Woman speaking with a psychologist

On May 6, APA responded to the National Institutes of Health (NIH) Office of Research on Women’s Health (ORWH) and the NIH Coordinating Committee on Research on Women’s Health’s request for information on the intersection of the sars-CoV-2 and covid-19 pandemic and the health of women.

APA’s federal comments recognized the COVID-19 pandemic as a “syndemic” (PDF, 161KB) that is ongoing and disproportionately affecting women and people of color, and worsening longstanding disparities in health status and outcomes. The association’s response also highlighted the Stress in America™ survey: Stress and decision-making during the pandemic, revealing that 84% of U.S. adults reported feeling at least one emotion associated with prolonged stress. COVID-19 was among the top sources of this stress.

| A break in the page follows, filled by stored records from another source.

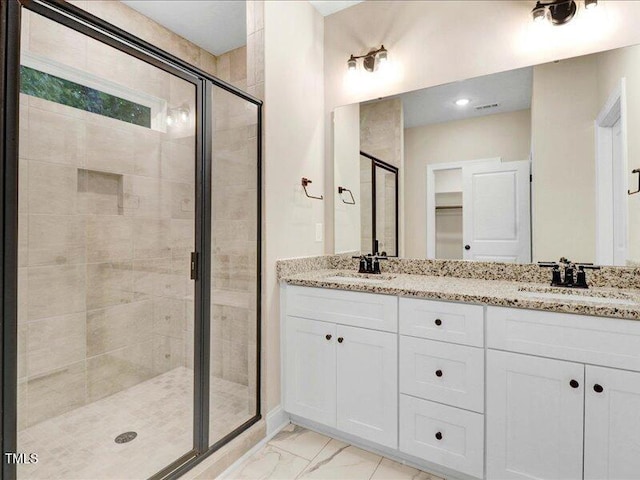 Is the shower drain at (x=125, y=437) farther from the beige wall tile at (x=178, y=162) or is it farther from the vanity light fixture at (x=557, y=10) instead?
the vanity light fixture at (x=557, y=10)

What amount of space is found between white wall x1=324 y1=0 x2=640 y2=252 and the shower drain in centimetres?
159

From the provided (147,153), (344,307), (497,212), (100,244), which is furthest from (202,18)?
(497,212)

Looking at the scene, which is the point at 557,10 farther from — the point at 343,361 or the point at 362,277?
the point at 343,361

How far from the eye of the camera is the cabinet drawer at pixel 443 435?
142cm

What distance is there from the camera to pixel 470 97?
6.44 ft

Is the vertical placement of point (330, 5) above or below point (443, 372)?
above

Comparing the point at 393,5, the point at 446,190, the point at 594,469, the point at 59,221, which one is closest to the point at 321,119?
the point at 393,5

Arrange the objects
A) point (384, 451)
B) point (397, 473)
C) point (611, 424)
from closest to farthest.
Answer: point (611, 424) → point (397, 473) → point (384, 451)

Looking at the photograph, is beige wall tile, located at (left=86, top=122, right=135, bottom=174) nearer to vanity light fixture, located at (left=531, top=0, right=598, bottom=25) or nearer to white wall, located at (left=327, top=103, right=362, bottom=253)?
white wall, located at (left=327, top=103, right=362, bottom=253)

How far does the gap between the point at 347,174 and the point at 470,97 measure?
0.89 meters

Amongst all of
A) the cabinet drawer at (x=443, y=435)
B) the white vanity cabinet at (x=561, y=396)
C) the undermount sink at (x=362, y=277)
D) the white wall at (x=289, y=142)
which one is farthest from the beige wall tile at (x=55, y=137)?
the white vanity cabinet at (x=561, y=396)

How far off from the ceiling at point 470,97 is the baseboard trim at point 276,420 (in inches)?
76.9

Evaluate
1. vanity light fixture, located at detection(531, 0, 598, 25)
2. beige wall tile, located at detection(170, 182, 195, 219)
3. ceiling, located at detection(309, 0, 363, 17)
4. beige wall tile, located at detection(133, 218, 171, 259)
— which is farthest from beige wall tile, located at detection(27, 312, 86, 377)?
vanity light fixture, located at detection(531, 0, 598, 25)

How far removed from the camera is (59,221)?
1.94m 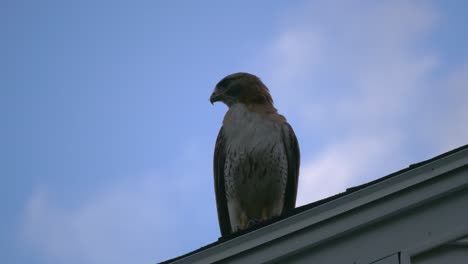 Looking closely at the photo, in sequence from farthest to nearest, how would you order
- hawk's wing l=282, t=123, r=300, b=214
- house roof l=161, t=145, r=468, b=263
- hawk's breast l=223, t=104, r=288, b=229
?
hawk's wing l=282, t=123, r=300, b=214 → hawk's breast l=223, t=104, r=288, b=229 → house roof l=161, t=145, r=468, b=263

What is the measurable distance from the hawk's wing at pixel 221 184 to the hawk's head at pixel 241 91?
60 centimetres

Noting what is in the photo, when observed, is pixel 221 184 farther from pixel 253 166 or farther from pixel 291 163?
pixel 291 163

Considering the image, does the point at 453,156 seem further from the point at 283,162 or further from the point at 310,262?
the point at 283,162

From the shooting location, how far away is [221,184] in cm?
815

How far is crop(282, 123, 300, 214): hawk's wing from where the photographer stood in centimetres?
794

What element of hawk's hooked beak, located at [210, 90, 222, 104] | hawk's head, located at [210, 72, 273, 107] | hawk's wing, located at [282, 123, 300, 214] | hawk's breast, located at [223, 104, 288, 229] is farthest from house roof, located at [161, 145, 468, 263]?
hawk's hooked beak, located at [210, 90, 222, 104]

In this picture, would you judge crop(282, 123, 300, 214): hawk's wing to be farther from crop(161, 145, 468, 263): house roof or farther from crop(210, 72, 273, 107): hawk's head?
crop(161, 145, 468, 263): house roof

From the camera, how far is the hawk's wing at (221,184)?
8.09 m

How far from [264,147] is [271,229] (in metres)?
3.26

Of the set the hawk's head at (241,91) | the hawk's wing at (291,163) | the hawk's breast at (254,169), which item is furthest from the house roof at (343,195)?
the hawk's head at (241,91)

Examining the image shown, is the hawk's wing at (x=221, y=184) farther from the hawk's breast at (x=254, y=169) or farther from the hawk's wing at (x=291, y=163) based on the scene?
the hawk's wing at (x=291, y=163)

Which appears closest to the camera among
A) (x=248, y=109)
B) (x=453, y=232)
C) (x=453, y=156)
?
(x=453, y=232)

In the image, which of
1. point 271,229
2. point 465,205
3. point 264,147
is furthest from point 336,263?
point 264,147

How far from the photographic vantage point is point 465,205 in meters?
4.11
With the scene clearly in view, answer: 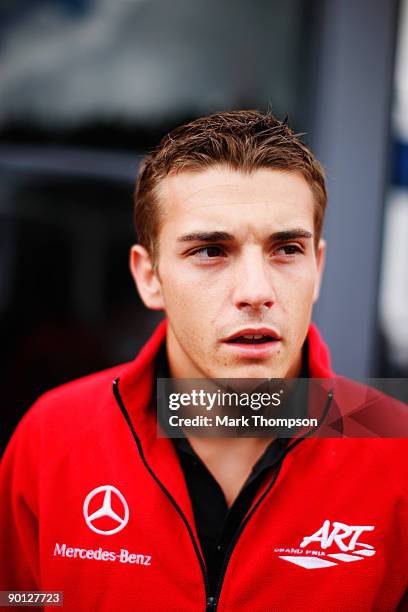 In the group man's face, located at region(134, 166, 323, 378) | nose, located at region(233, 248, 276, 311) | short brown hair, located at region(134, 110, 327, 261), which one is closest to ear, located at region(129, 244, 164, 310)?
short brown hair, located at region(134, 110, 327, 261)

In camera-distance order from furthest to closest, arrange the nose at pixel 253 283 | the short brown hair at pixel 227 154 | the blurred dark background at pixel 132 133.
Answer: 1. the blurred dark background at pixel 132 133
2. the short brown hair at pixel 227 154
3. the nose at pixel 253 283

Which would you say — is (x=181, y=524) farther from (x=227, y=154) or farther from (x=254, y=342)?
(x=227, y=154)

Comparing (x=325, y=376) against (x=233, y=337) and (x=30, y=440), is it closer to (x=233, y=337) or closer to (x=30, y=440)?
(x=233, y=337)

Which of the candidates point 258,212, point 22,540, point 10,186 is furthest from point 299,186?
point 10,186

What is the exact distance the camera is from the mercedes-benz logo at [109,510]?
4.91 ft

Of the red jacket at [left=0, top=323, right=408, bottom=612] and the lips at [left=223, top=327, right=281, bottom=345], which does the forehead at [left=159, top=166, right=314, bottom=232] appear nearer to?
the lips at [left=223, top=327, right=281, bottom=345]

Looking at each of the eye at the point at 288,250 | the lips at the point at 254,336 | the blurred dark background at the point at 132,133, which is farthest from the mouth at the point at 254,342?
the blurred dark background at the point at 132,133

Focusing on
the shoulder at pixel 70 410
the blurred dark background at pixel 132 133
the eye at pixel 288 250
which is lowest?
the shoulder at pixel 70 410

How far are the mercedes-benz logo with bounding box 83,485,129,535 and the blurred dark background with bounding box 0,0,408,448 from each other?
1636mm

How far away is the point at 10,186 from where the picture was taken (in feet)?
9.99

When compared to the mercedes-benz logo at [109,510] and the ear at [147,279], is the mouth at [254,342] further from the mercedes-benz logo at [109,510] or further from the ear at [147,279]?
the mercedes-benz logo at [109,510]

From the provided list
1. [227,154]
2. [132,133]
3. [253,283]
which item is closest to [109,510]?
[253,283]

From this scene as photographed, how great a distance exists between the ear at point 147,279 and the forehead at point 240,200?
199 millimetres

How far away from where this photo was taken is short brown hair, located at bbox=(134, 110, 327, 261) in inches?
58.5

APA recommendations included recommended research from Division 38’s Women’s Health Interest Group and Equity Subcommittee and the Committee on Women in Psychology encouraged NIH to:

  • Support a research focus on the social determinants of health,
  • Increase attention to the mental health of pregnant people and those who gave birth during the pandemic,
  • Explicitly acknowledge the intersectionality of risk factors associated with covid for women,
  • Support a focus on the increased rates of suicide and overdose,
  • Examine covid-19 effects on the mental health of transgender women,
  • Identify barriers that may be disrupting high-quality health care access and equity,
  • Support research to examine the health of the workforce,
  • Examine domestic and intimate-partner violence and its impact on women’s health,
  • Increase the research focus on misinformation and vaccine safety, and
  • Support career development to promote research.